ASSIGNMENT
Down to the last line, set down the material below exactly; skip the pictures.
━━━━━ THE DATA
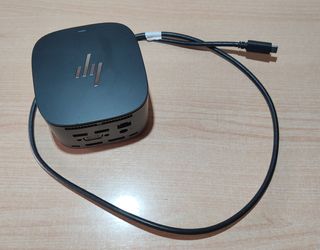 Dock HP Thunderbolt 120W G2 con cargador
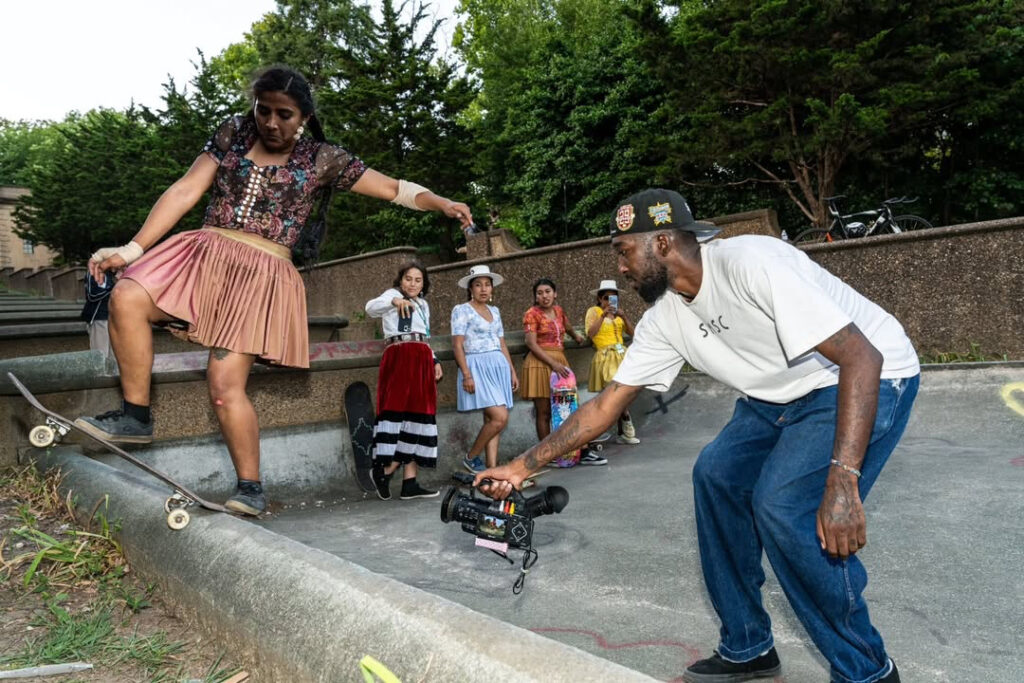 Biografía Skate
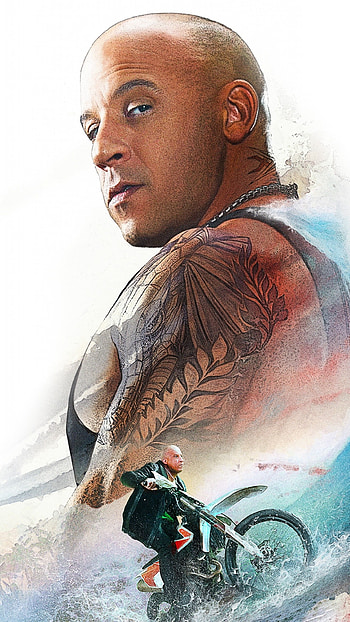Return of Xander Cage, Best movies, Vin Diesel HD phone wallpaper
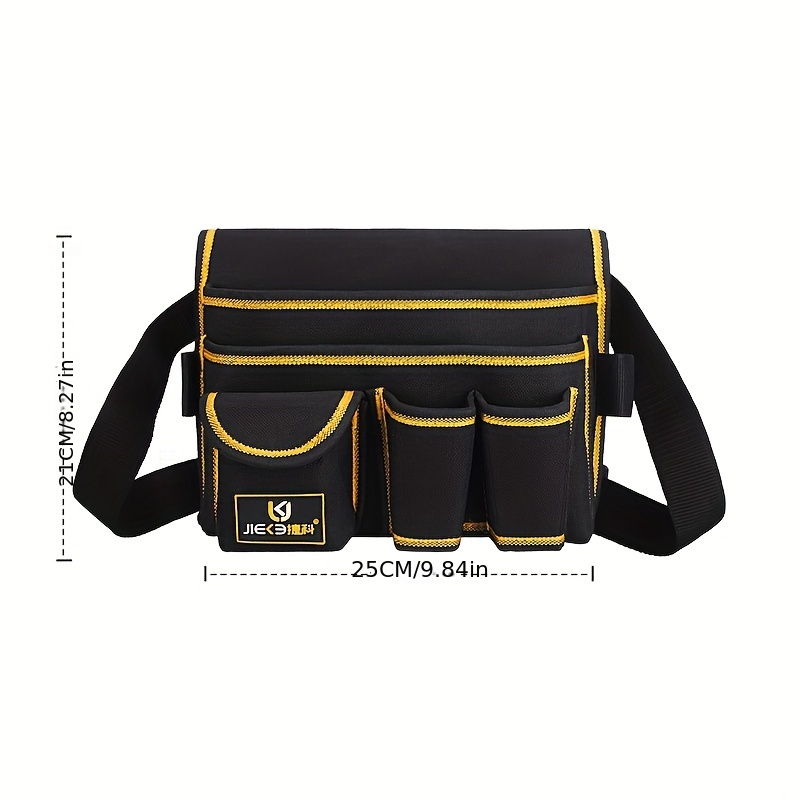 Vuino Wholesale Electrician Huge Capacity Tool Bag Duty Canvas Small Tool  Bag - Expore China Wholesale Tool Bag and Workbag, Tool Tote Bag, Tool  Shoulder Bag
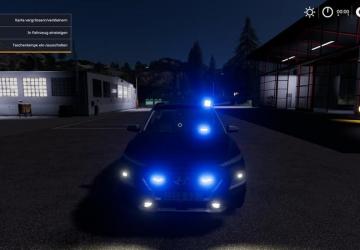 Hyundai Kona 2019 Kripo version 1.1 for Farming Simulator 2019 (v1.5.1.0)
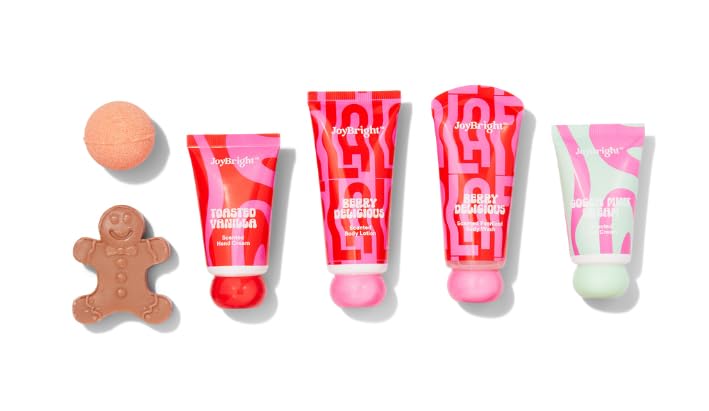 JoyBright by Ulta Beauty 12 Days Of Bath Advent Calendar - Image 4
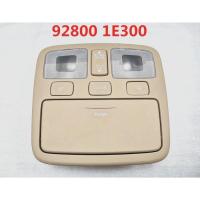 ราคา For Hyundai Accent for KIA RIO light reading dome switch sunroof car cases reading glasses map ligh (54556328202)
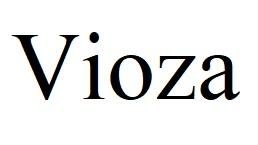 Trademark Vioza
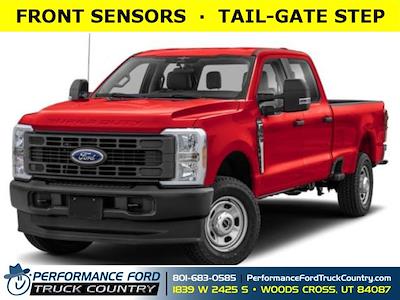 2026 Ford F-350 Crew Cab SRW 4WD Pickup for sale #42TED82120 - photo 1
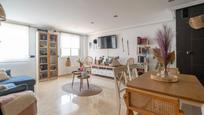 Sala d'estar de Dúplex en venda en Paiporta amb Aire condicionat i Balcó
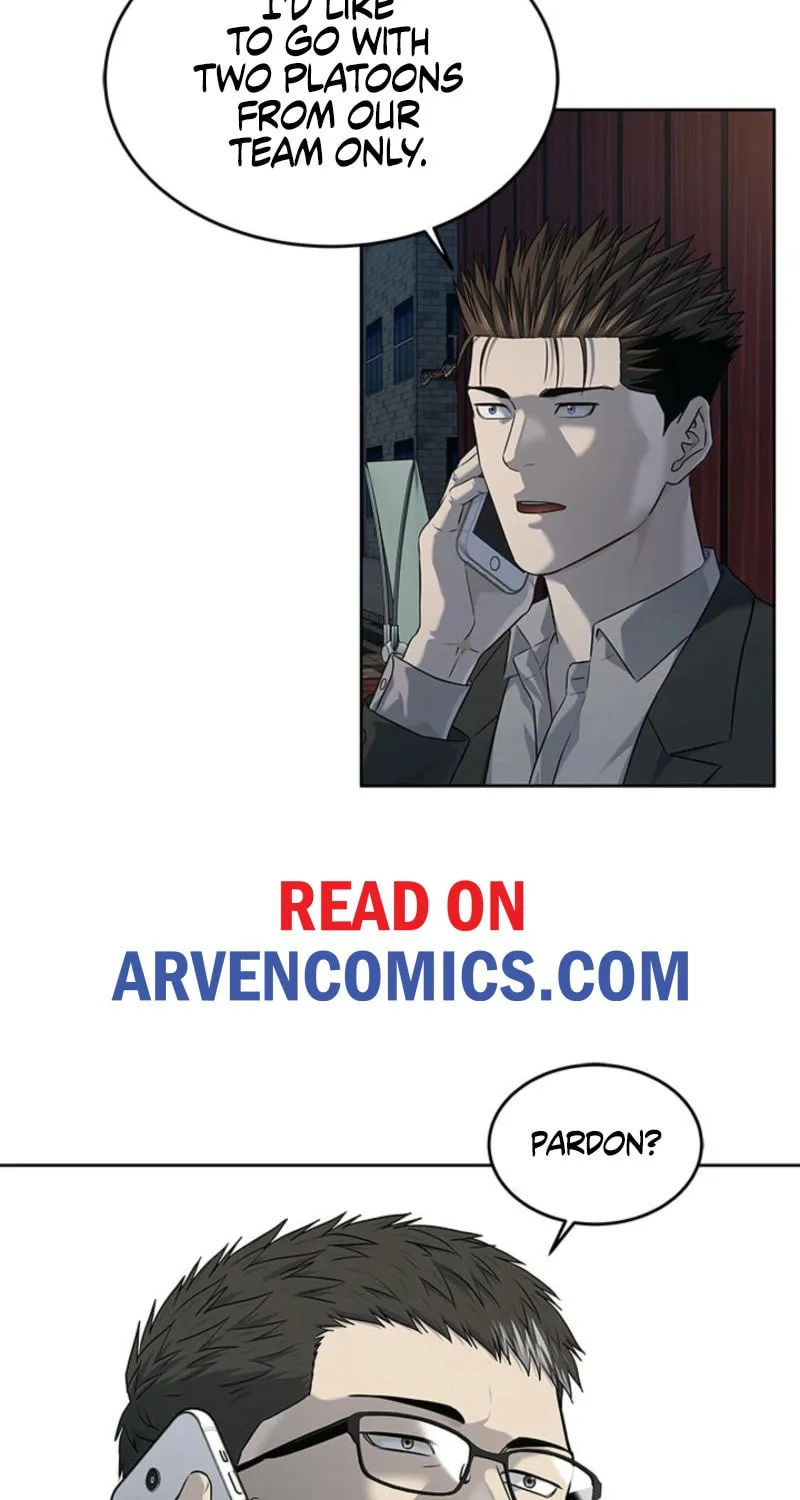 God of Blackfield Chapter 261 page 69 - 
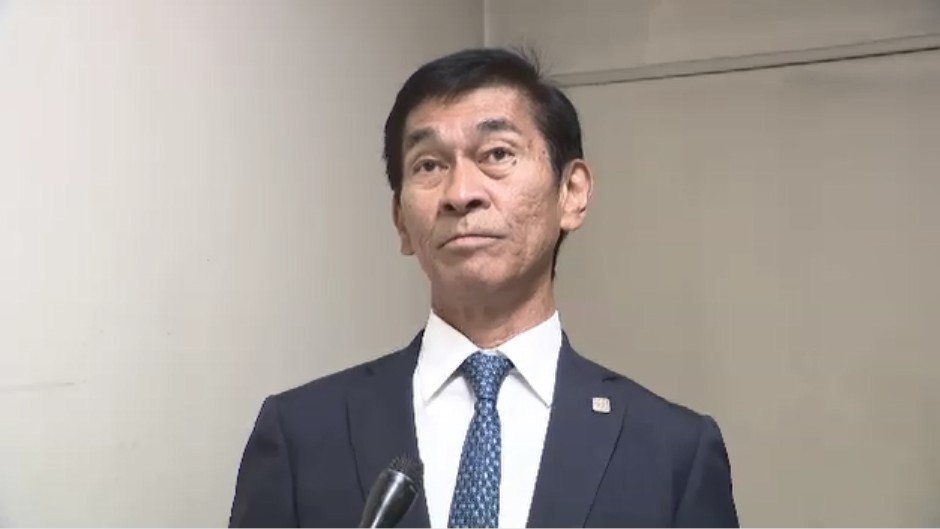 「茶色の袋に入れて500万円確実に渡した」江藤県議が会見で初の説明　福岡県議会“金銭授受”疑惑　2020年から1年間副議長務める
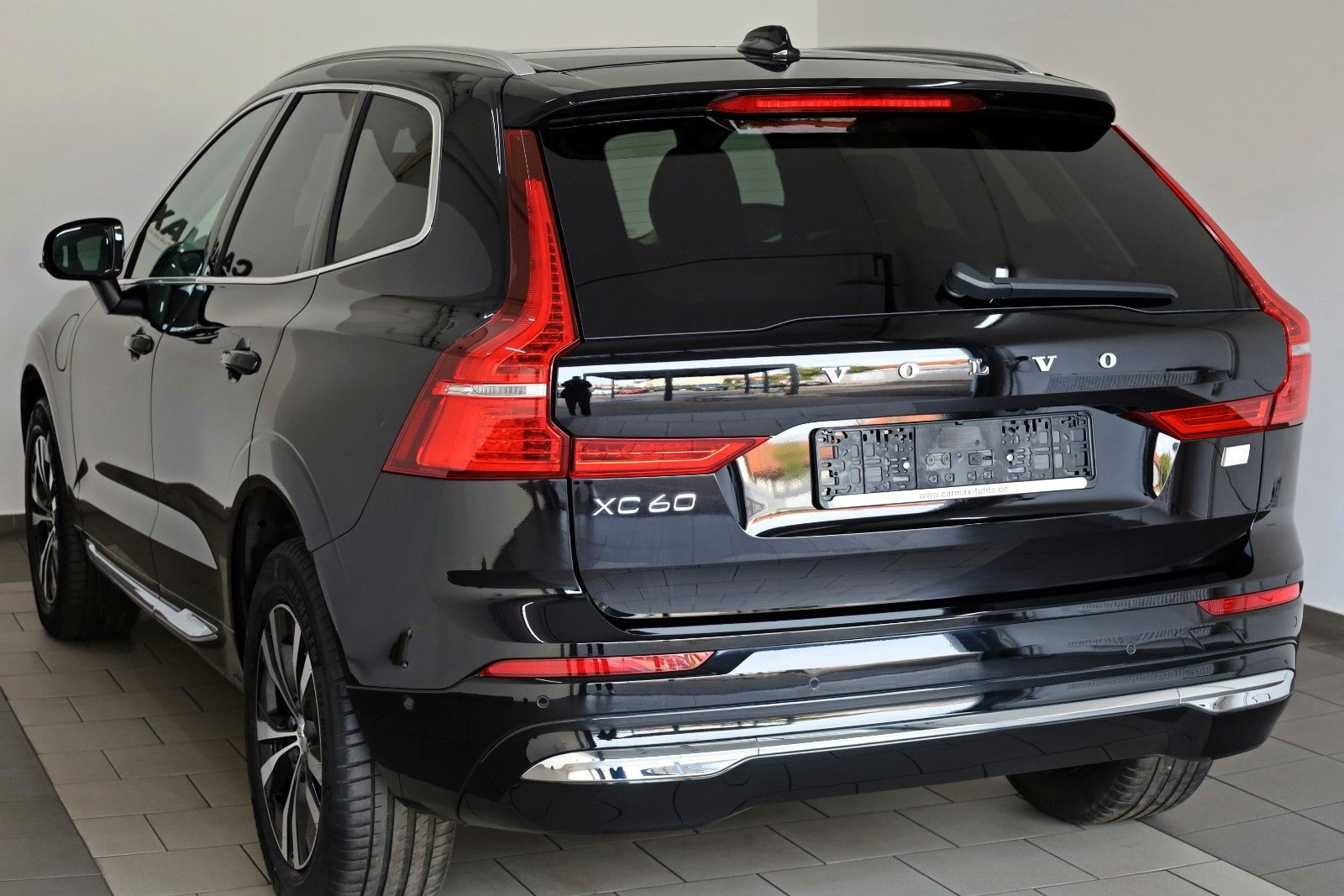 Fahrzeugabbildung Volvo XC60 T6 Recharge  AWD Leder,Navi,LED,Auto Pilot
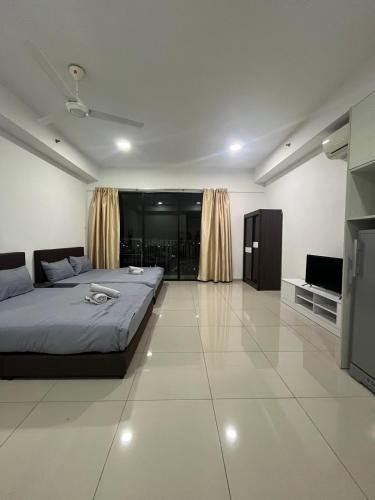 Shah Alam Apartment | JZ ISoHo i-City Studio 2 beds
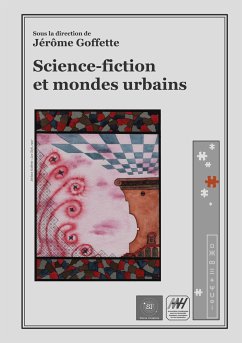 Science-fiction et mondes urbains (eBook, ePUB)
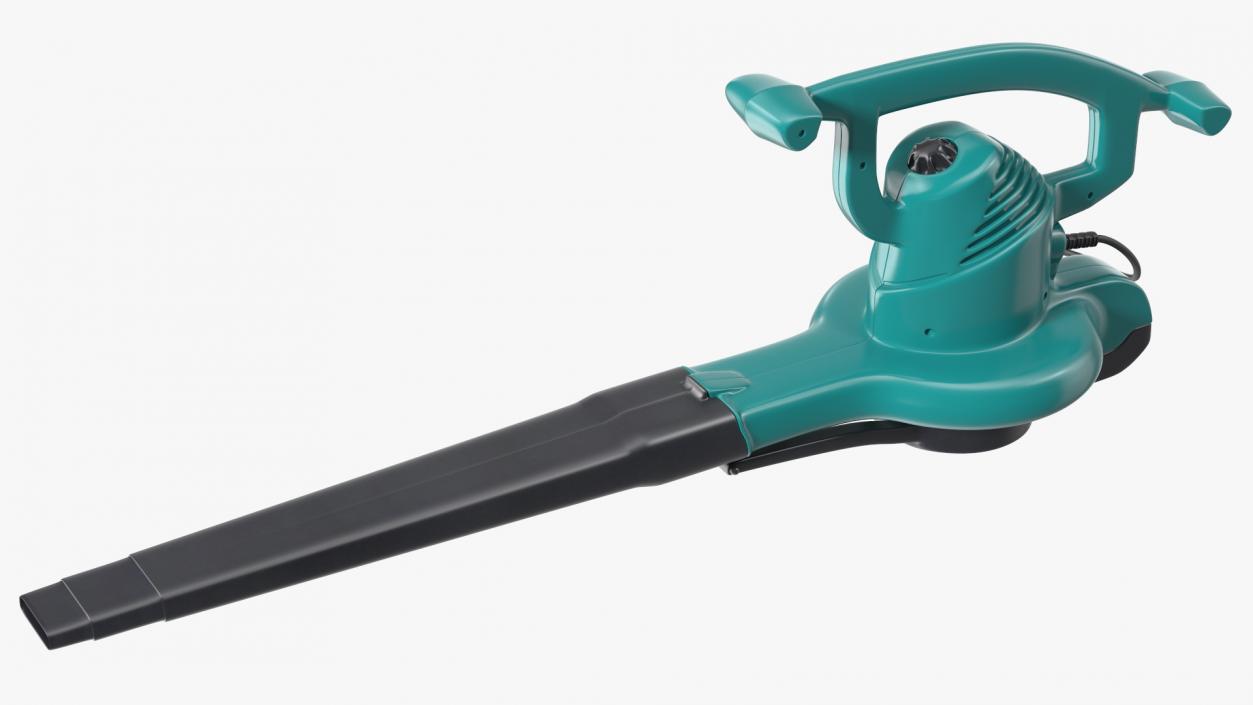 Electrical Hand Blower 3D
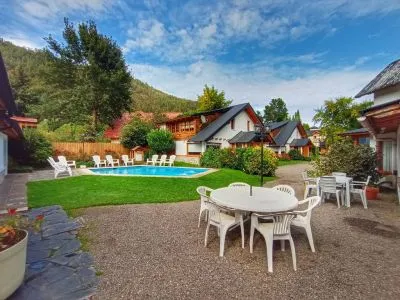 Cabañas 3 estrellas Cabañas Los Alamos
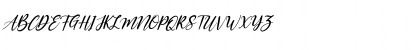 Download Kayonna Italic Regular Font
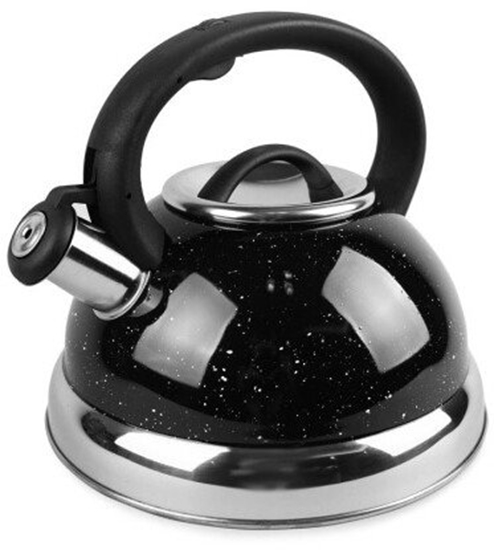 Изображение Czajnik nieelektryczny MR-1313-BLACK MAESTRO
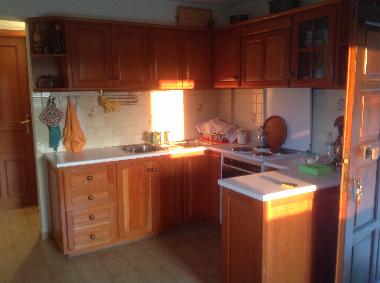 Holiday House in Klisorevmata (Aitoloakarnania) or holiday homes and vacation rentals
━━━━━━━━━━
OUTPUT OF THE TASK
 Dock HP Thunderbolt 120W G2 con cargador
 Biografía Skate
Return of Xander Cage, Best movies, Vin Diesel HD phone wallpaper
 Vuino Wholesale Electrician Huge Capacity Tool Bag Duty Canvas Small Tool  Bag - Expore China Wholesale Tool Bag and Workbag, Tool Tote Bag, Tool  Shoulder Bag
 Hyundai Kona 2019 Kripo version 1.1 for Farming Simulator 2019 (v1.5.1.0)
 JoyBright by Ulta Beauty 12 Days Of Bath Advent Calendar - Image 4
 ราคา For Hyundai Accent for KIA RIO light reading dome switch sunroof car cases reading glasses map ligh (54556328202)
 Trademark Vioza
 2026 Ford F-350 Crew Cab SRW 4WD Pickup for sale #42TED82120 - photo 1
 Sala d'estar de Dúplex en venda en Paiporta amb Aire condicionat i Balcó
 God of Blackfield Chapter 261 page 69 - 
 「茶色の袋に入れて500万円確実に渡した」江藤県議が会見で初の説明　福岡県議会“金銭授受”疑惑　2020年から1年間副議長務める
 Fahrzeugabbildung Volvo XC60 T6 Recharge  AWD Leder,Navi,LED,Auto Pilot
 Shah Alam Apartment | JZ ISoHo i-City Studio 2 beds
 Science-fiction et mondes urbains (eBook, ePUB)
 Electrical Hand Blower 3D
 Cabañas 3 estrellas Cabañas Los Alamos
 Download Kayonna Italic Regular Font
 Изображение Czajnik nieelektryczny MR-1313-BLACK MAESTRO
 Holiday House in Klisorevmata (Aitoloakarnania) or holiday homes and vacation rentals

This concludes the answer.